▸ **EXERCISE BRIEF**
Please produce an exact transcription of the lines from the one containing "CASIO STANDARD 200m" through the last line of the entries, leaving out every picture.

============

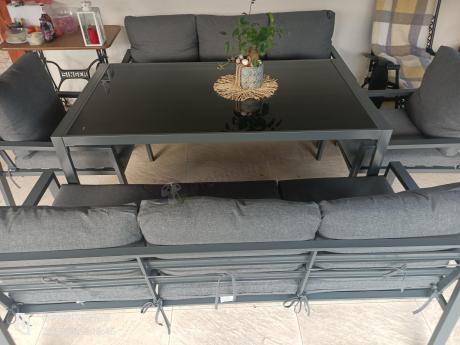 Metalowy zestaw mebli na taras dla 8 osób Sodor Grande - Dark Grey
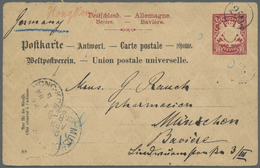 GA Hongkong - Besonderheiten: 1892, UPU Reply Part Of Bavaria Not Accepted, Marked With Blue Crayon Circles From "HONG K - Autres & Non Classés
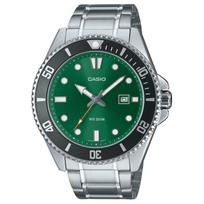 CASIO STANDARD 200m atsparumas vandeniui Kvarcinis mechanizmas Nerūdijančio plieno apyrankė Unisex Žalias ciferblatas MDV-107D-3A2V Green Dial black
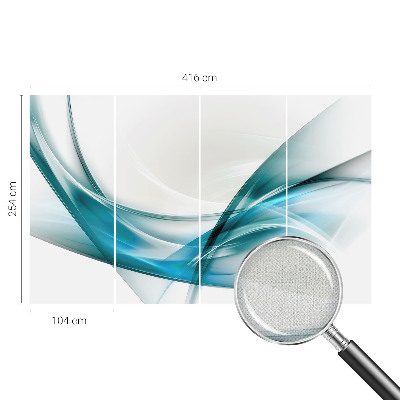 Papel de parede autocolante para quarto com padrão de ondas azuis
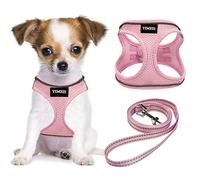 YIMEIS Ensemble Harnais et Laisse pour Chiots et Chats de Petite, Moyenne et Grande Taille, Harnais Anti-Traction en Maille Douce, Gilet réfléchissant réglable, Rose, S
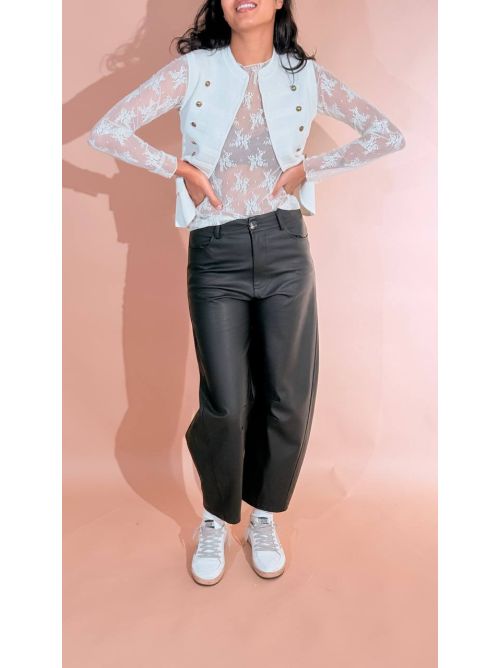 HAVE ONE Pantalone lollipop ecopelle nera PVE-R042 NERO 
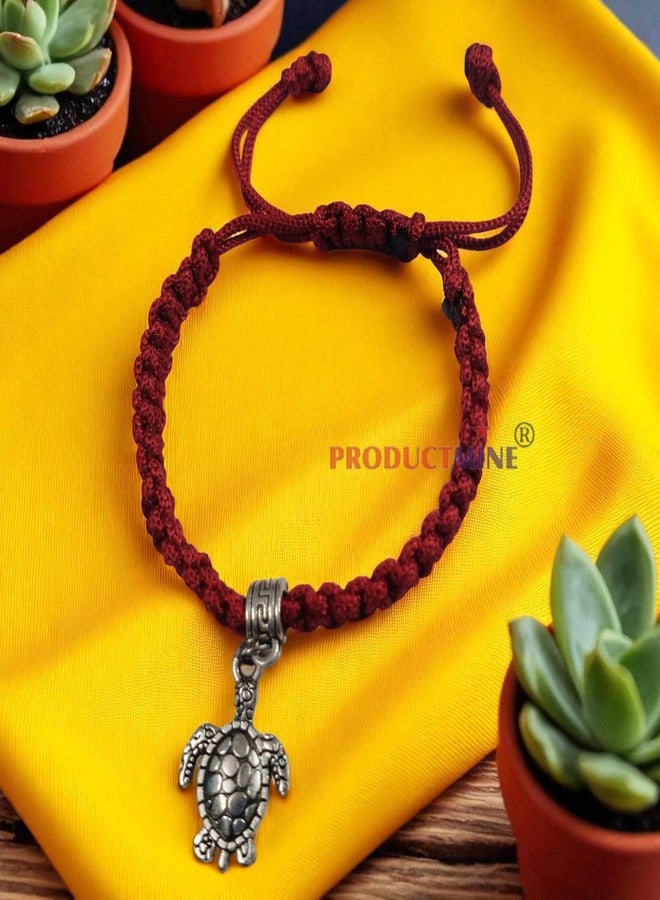 PRODUCTMINE سوار PRODUCTMINE® مصنوع يدويًا قابل للتعديل مع تعليقة سلحفاة، سوار معصم، سوار صداقة للنساء، لطيف على البشرة - أحمر - Image 4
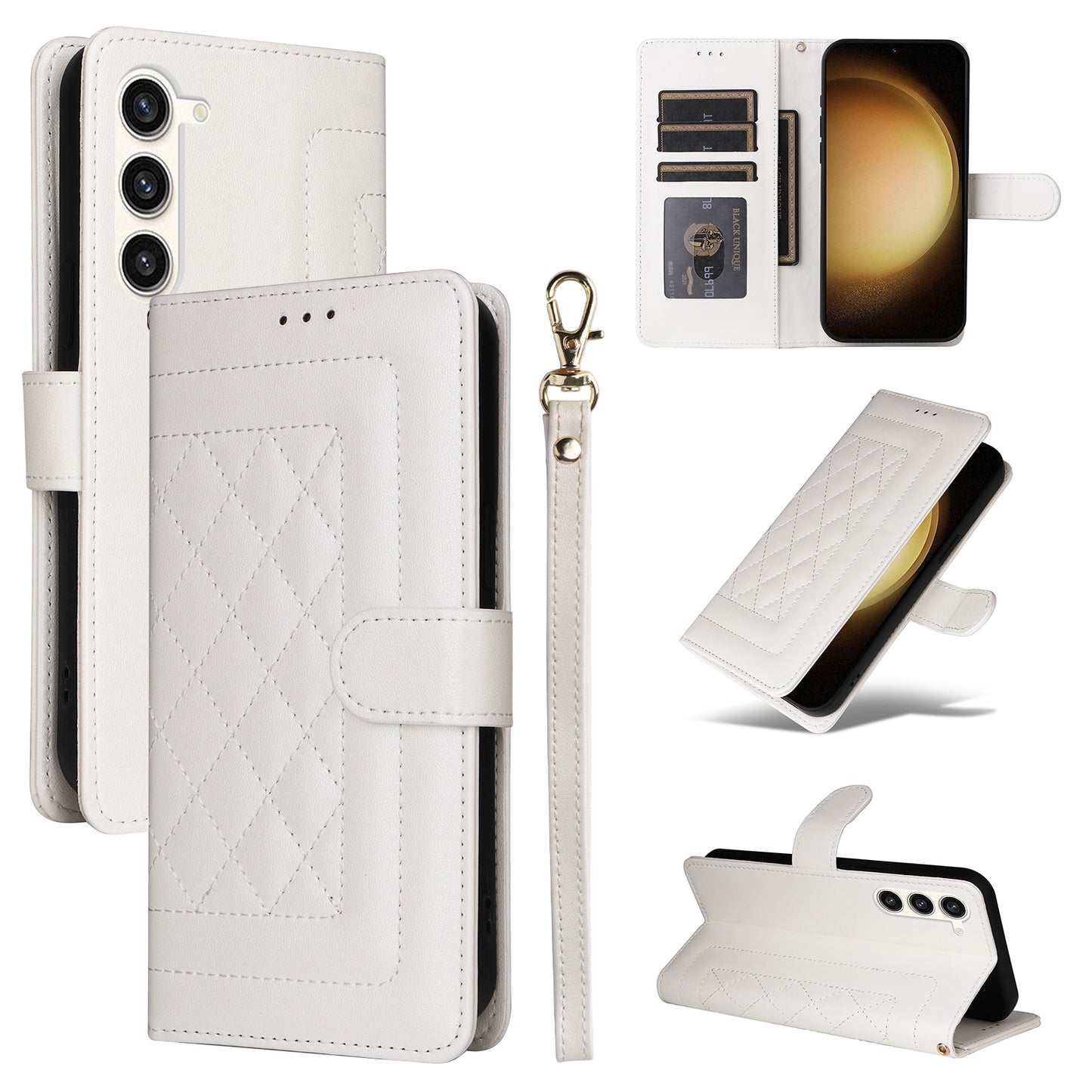 Samsung Galaxy S23+ 5G Diamond Lattice Leather Flip Phone Case - Durable and Convenient Holder with Precision Cutouts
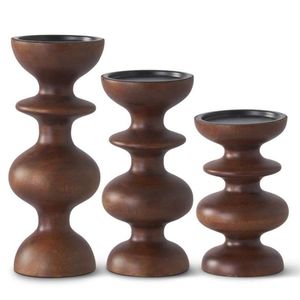 Modern Wooden Candlestick Holder Set Fancy Shape Home Decoration Durable Tabletop Accessories - Product Image 5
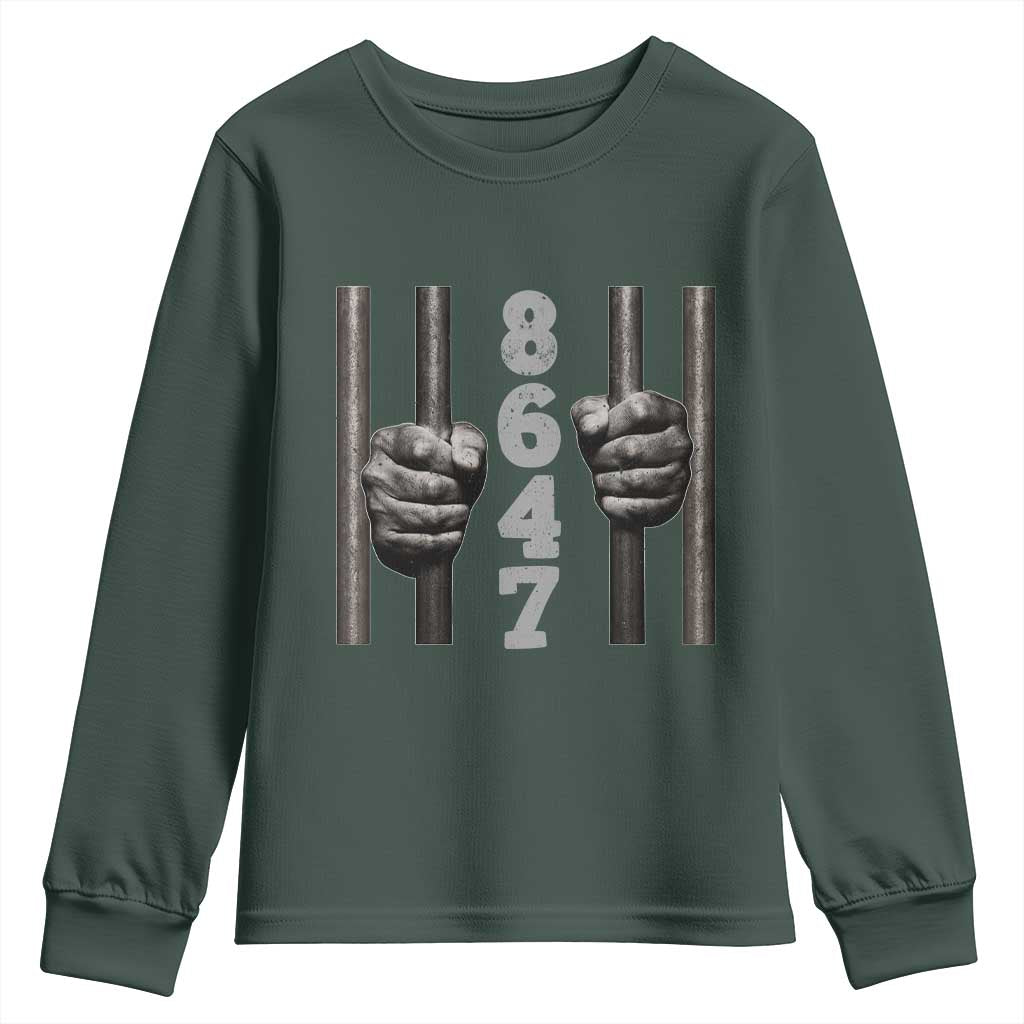 Funny 8647 Jail Youth Sweatshirt Freedom Protest Satire Graphic Gift TS12 Dark Forest Green Print Your Wear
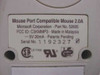 Microsoft 52695 mouse – bottom label showing part number, FCC ID C3KMMP3, 5V 20mA rating, and serial number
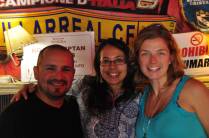 Com o Pablo e a Andrea no restaurante Venezia, em Santiago, capital do Chile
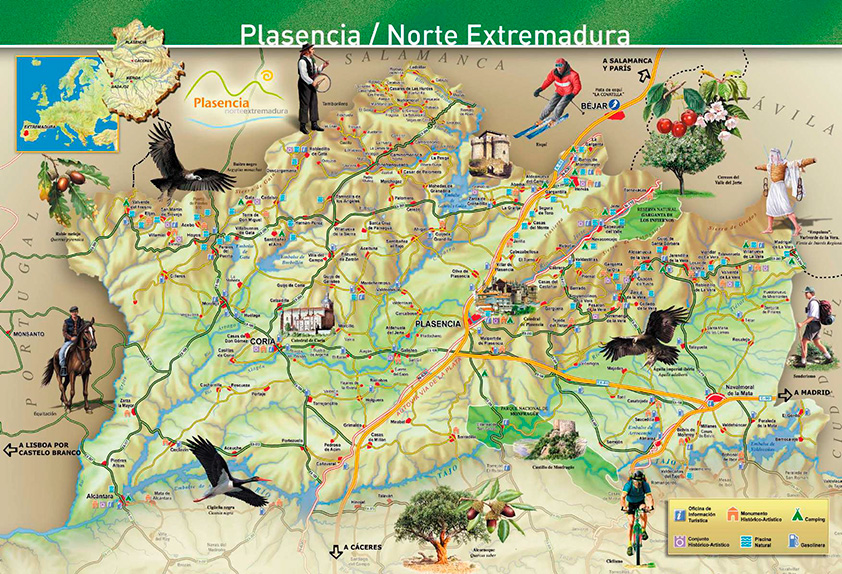 Mapa del Norte de Extremadura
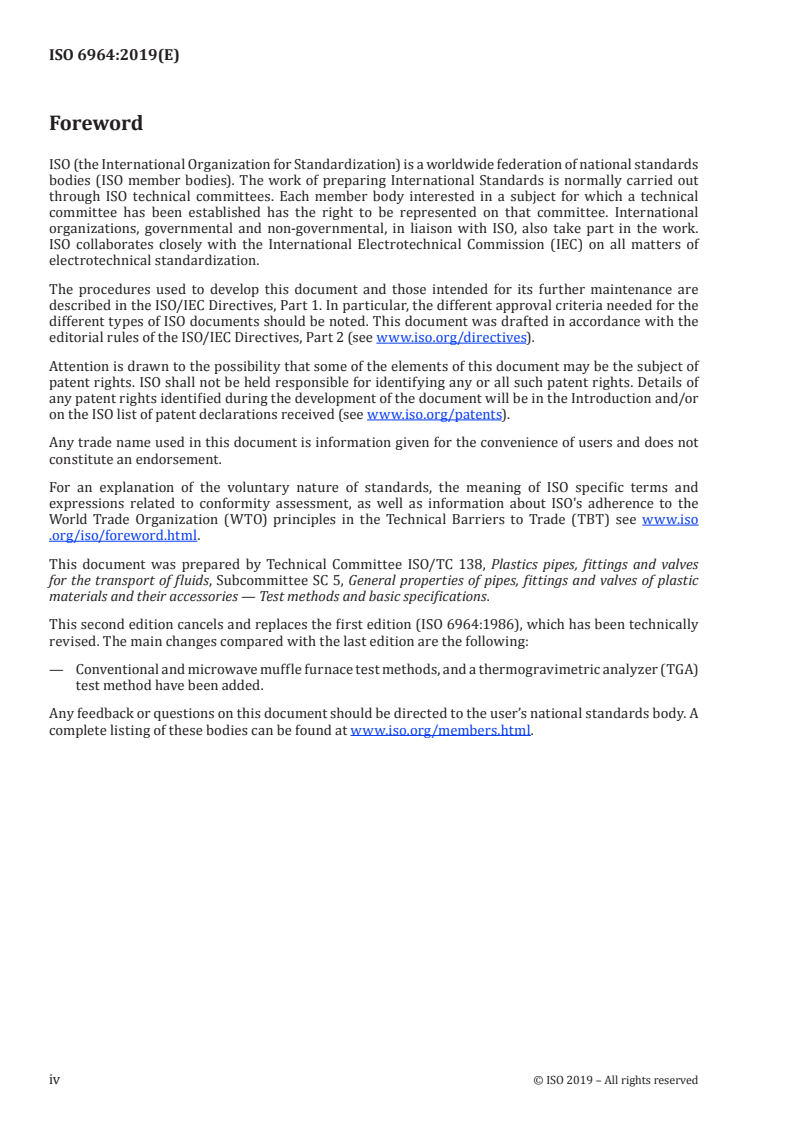 ISO 6964:2019 ISO 6964:2019 - Polyolefin pipes and fittings — Determination of carbon black content by calcination and pyrolysis — Test method/27/2019 - Page 4 preview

============

▸ **EXERCISE RESULT**
 CASIO STANDARD 200m atsparumas vandeniui Kvarcinis mechanizmas Nerūdijančio plieno apyrankė Unisex Žalias ciferblatas MDV-107D-3A2V Green Dial black
 Papel de parede autocolante para quarto com padrão de ondas azuis
 YIMEIS Ensemble Harnais et Laisse pour Chiots et Chats de Petite, Moyenne et Grande Taille, Harnais Anti-Traction en Maille Douce, Gilet réfléchissant réglable, Rose, S
 HAVE ONE Pantalone lollipop ecopelle nera PVE-R042 NERO 
 PRODUCTMINE سوار PRODUCTMINE® مصنوع يدويًا قابل للتعديل مع تعليقة سلحفاة، سوار معصم، سوار صداقة للنساء، لطيف على البشرة - أحمر - Image 4
 Samsung Galaxy S23+ 5G Diamond Lattice Leather Flip Phone Case - Durable and Convenient Holder with Precision Cutouts
 Modern Wooden Candlestick Holder Set Fancy Shape Home Decoration Durable Tabletop Accessories - Product Image 5
 Funny 8647 Jail Youth Sweatshirt Freedom Protest Satire Graphic Gift TS12 Dark Forest Green Print Your Wear
 Microsoft 52695 mouse – bottom label showing part number, FCC ID C3KMMP3, 5V 20mA rating, and serial number
 Com o Pablo e a Andrea no restaurante Venezia, em Santiago, capital do Chile
 Mapa del Norte de Extremadura
 ISO 6964:2019 ISO 6964:2019 - Polyolefin pipes and fittings — Determination of carbon black content by calcination and pyrolysis — Test method/27/2019 - Page 4 preview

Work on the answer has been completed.